■ Task to carry out ■
Each line below from the one containing "Emporio Armani Boys" through the one containing "wedge heel evening shoes" is to be given again exactly, and no line outside that span.

■ Given information ■
=-=-=

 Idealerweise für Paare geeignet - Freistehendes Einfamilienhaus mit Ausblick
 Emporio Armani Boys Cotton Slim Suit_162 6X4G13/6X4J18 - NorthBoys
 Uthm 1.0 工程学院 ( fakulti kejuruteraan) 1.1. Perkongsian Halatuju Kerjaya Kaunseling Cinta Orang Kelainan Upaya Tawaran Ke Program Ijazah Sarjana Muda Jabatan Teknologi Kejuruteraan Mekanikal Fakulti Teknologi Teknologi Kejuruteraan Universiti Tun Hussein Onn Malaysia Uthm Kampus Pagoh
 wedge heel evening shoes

=-=-=

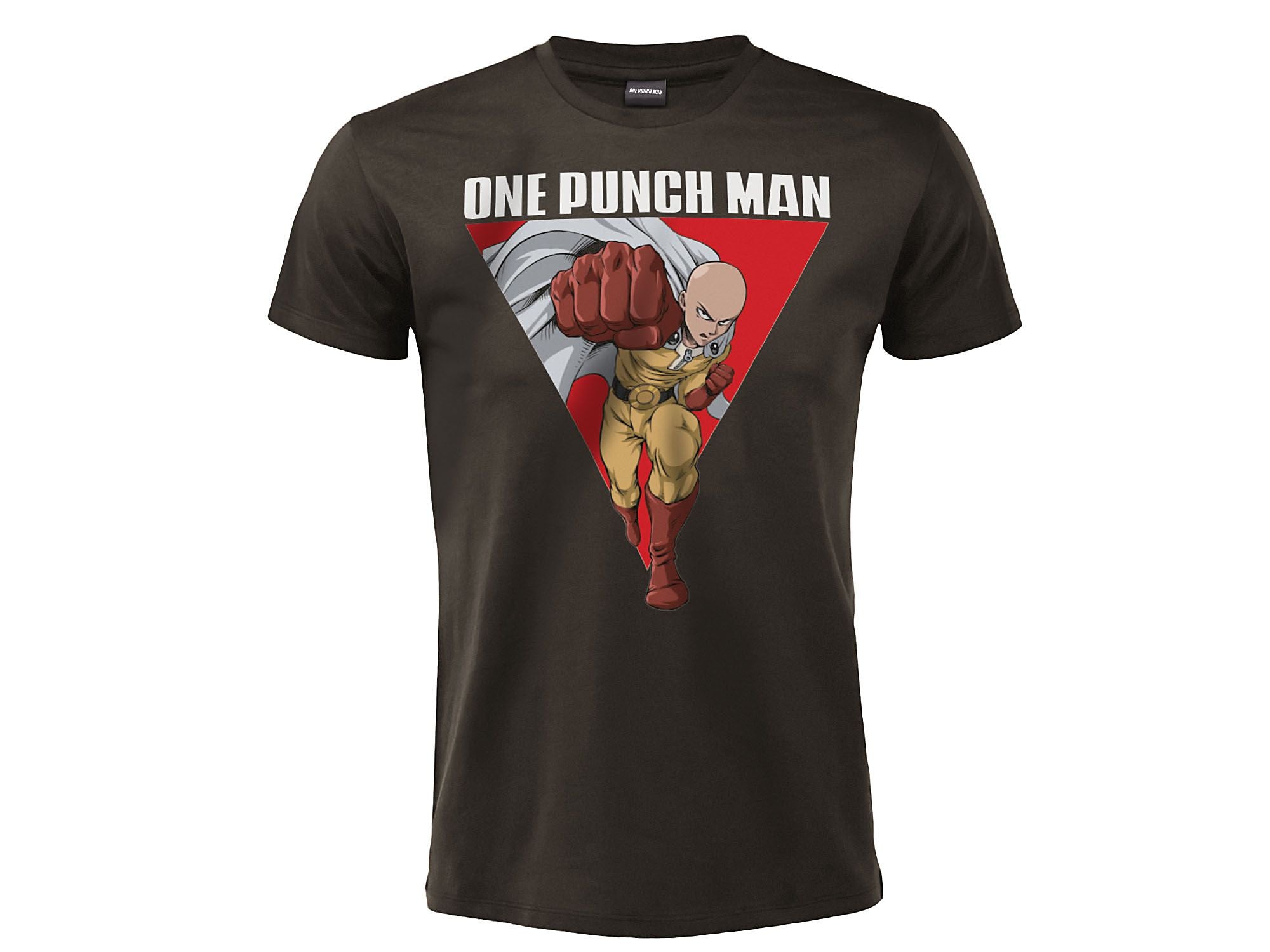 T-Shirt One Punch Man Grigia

=-=-=

■ Answer box ■
 Emporio Armani Boys Cotton Slim Suit_162 6X4G13/6X4J18 - NorthBoys
 Uthm 1.0 工程学院 ( fakulti kejuruteraan) 1.1. Perkongsian Halatuju Kerjaya Kaunseling Cinta Orang Kelainan Upaya Tawaran Ke Program Ijazah Sarjana Muda Jabatan Teknologi Kejuruteraan Mekanikal Fakulti Teknologi Teknologi Kejuruteraan Universiti Tun Hussein Onn Malaysia Uthm Kampus Pagoh
 wedge heel evening shoes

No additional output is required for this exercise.